The line with "(image for) Original", the line with "Kind of a Ham Pasta", and all lines between them in the material below: return these exactly, and no others.

§ **Data under study**:
::::::::

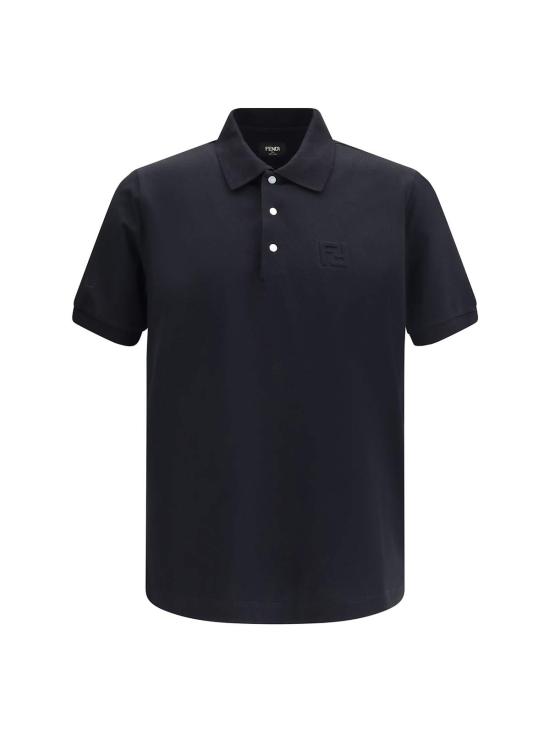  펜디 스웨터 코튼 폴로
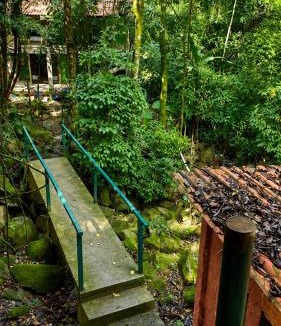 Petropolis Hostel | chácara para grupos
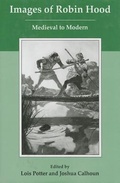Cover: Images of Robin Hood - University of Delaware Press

::::::::

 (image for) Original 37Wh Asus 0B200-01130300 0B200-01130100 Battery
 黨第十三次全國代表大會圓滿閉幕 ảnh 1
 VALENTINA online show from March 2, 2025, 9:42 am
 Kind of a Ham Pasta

::::::::

§ **Task output**:
 (image for) Original 37Wh Asus 0B200-01130300 0B200-01130100 Battery
 黨第十三次全國代表大會圓滿閉幕 ảnh 1
 VALENTINA online show from March 2, 2025, 9:42 am
 Kind of a Ham Pasta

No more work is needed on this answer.